A real March Madness prediction model has to do three things the shortcut versions won't:

  1. Produce calibrated win probabilities for every tournament game — when it says 70%, the team should win about 70% of the time
  2. Account for the neutral-site nature of tournament games, which kills home-court advantage assumptions baked into regular-season models
  3. Hold up to honest out-of-sample backtesting — no peeking at tournament games during training or calibration

This guide walks through all three using Python, XGBoost, and ESPN's publicly available play-by-play data. At the end, you'll have a working NCAAMB win-probability model you can apply to any tournament bracket — including a reproducible backtest on the 2026 tournament (67 games) that we ran ourselves and published the results of.

What You'll Build

By the end of this tutorial:

Everything is Python 3.11+. You need pandas, numpy, xgboost, scikit-learn, and requests. That's it.

Step 1: Get ESPN Men's College Basketball Data

ESPN has a public (undocumented) API that exposes scoreboards and play-by-play for every NCAAMB game. No auth. You just hit a URL with a date and parse JSON.

import requests, pandas as pd

def fetch_ncaamb_games(date_yyyymmdd: str) -> list[dict]:
    """Pull every NCAAMB game for a given date with final scores."""
    url = "https://site.api.espn.com/apis/site/v2/sports/basketball/mens-college-basketball/scoreboard"
    r = requests.get(url, params={"dates": date_yyyymmdd, "limit": 200}, timeout=20)
    r.raise_for_status()
    out = []
    for ev in r.json().get("events", []):
        comp = ev["competitions"][0]
        home = next(t for t in comp["competitors"] if t["homeAway"] == "home")
        away = next(t for t in comp["competitors"] if t["homeAway"] == "away")
        out.append({
            "game_id": int(ev["id"]),
            "date": date_yyyymmdd,
            "home_team": home["team"]["abbreviation"],
            "away_team": away["team"]["abbreviation"],
            "home_score": int(home.get("score", 0) or 0),
            "away_score": int(away.get("score", 0) or 0),
            "home_won": int(home.get("winner", False)),
            "season_type": ev.get("season", {}).get("type"),  # 3 = postseason
            "notes": [n.get("headline","") for n in comp.get("notes", [])],
        })
    return out

For a full season, iterate over every day from early November to early April:

from datetime import date, timedelta

def fetch_season(start: str, end: str) -> pd.DataFrame:
    """Fetch every NCAAMB game between two ISO dates."""
    d0 = date.fromisoformat(start); d1 = date.fromisoformat(end)
    rows = []
    cur = d0
    while cur <= d1:
        try:
            rows.extend(fetch_ncaamb_games(cur.strftime("%Y%m%d")))
        except Exception as e:
            print(f"Skipping {cur}: {e}")
        cur += timedelta(days=1)
    return pd.DataFrame(rows)

games_2425 = fetch_season("2024-11-04", "2025-04-07")

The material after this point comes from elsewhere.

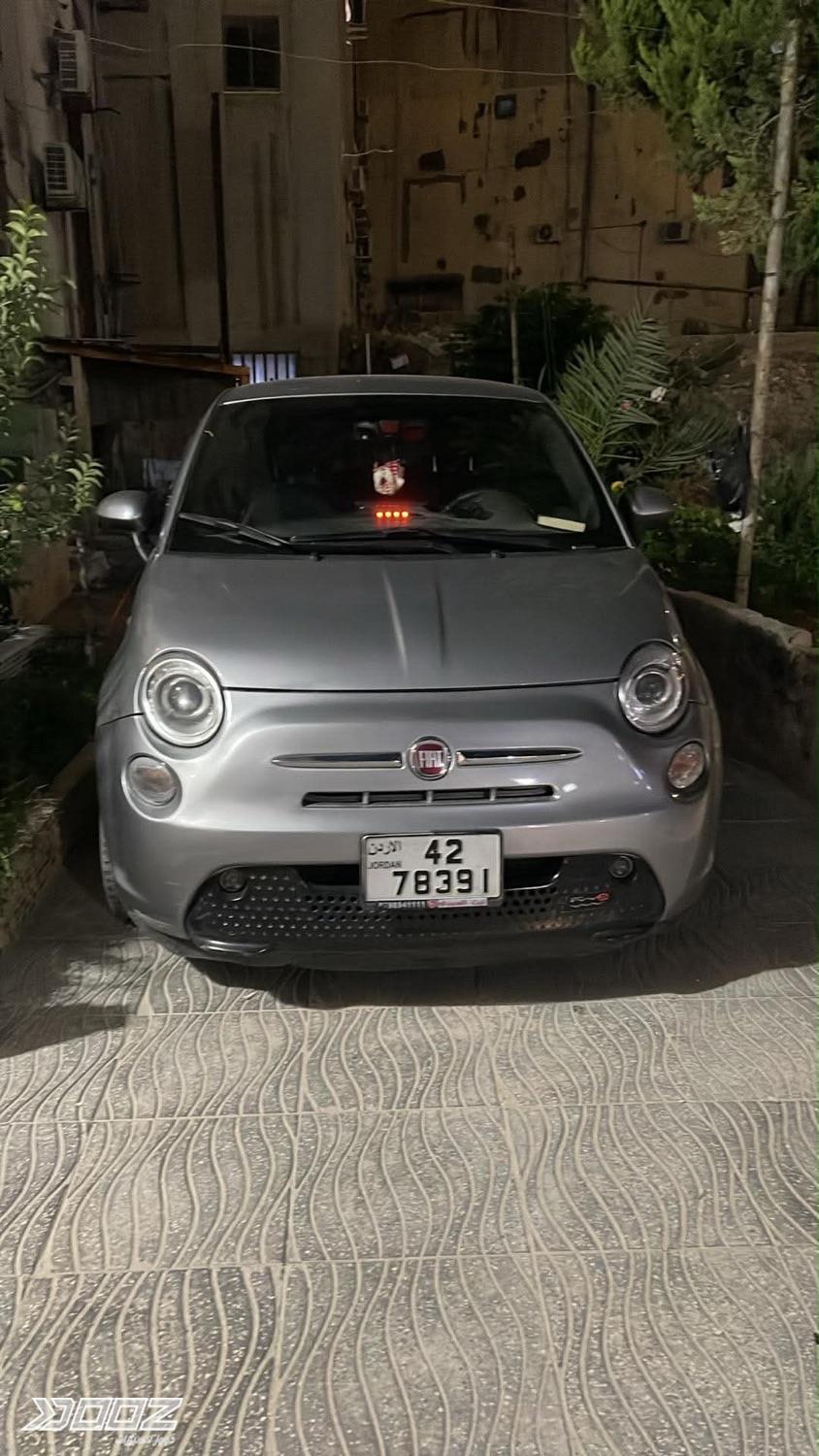 Fiat 500e 2017 for sale in Amman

That's your base dataset: one row per game, with final scores and a season_type flag that tells you which games are regular season (type 2) vs. tournament (type 3).

Heads up: ESPN rate-limits requests to this endpoint. If you're pulling multiple seasons, add time.sleep(0.5) between calls or you'll get intermittent 429s.

Step 2: Build an ELO Rating System (With Basketball MoV)

ELO is the single most important feature for a college basketball prediction model. It captures team strength in one number, updates after every game, and — critically — is available pre-game for any future matchup.

The basic ELO update is:

expected = 1 / (1 + 10 ** ((opp_elo - team_elo) / 400))
team_elo_new = team_elo + K * (actual - expected)

Where K is the learning rate (we use 20 for college basketball) and actual is 1 for a win, 0 for a loss. But basketball has two wrinkles pure ELO doesn't handle: home-court advantage and margin of victory.

Home-court advantage (HFA): Home teams win ~60% of regular-season college basketball games. Bake that into the expectation with an ELO bonus (~70 points).

Margin of victory (MoV): A 40-point win should shift ratings more than a 1-point win. We use the standard basketball formula:

def mov_multiplier(margin: float, elo_diff_winner: float) -> float:
    """Basketball MoV multiplier (FiveThirtyEight style)."""
    raw = ((abs(margin) + 3) ** 0.8) / (7.5 + 0.006 * max(0, elo_diff_winner))
    return max(1.0, min(raw, 2.5))

Full ELO loop with HFA and MoV:

K = 20.0
HFA = 70.0

def compute_elo(games: pd.DataFrame) -> tuple[dict, dict]:
    """Return (current_ratings, pre_game_elo_diff_by_game_id)."""
    elo = {}  # team -> current rating
    game_elo_diff = {}  # game_id -> home_elo - away_elo (pre-game, no HFA)

    games = games.sort_values("game_id").reset_index(drop=True)
    for _, r in games.iterrows():
        h, a = r["home_team"], r["away_team"]
        hs, as_ = r["home_score"], r["away_score"]
        if not h or not a or pd.isna(hs) or pd.isna(as_):
            continue
        he = elo.get(h, 1500.0)
        ae = elo.get(a, 1500.0)
        game_elo_diff[int(r["game_id"])] = he - ae  # neutral diff for features

        expected_h = 1.0 / (1.0 + 10 ** ((ae - he - HFA) / 400.0))
        actual_h = 1.0 if hs > as_ else (0.5 if hs == as_ else 0.0)
        margin = abs(hs - as_)
        mov = mov_multiplier(margin, abs(he + HFA - ae) if actual_h == 1 else abs(ae - he - HFA))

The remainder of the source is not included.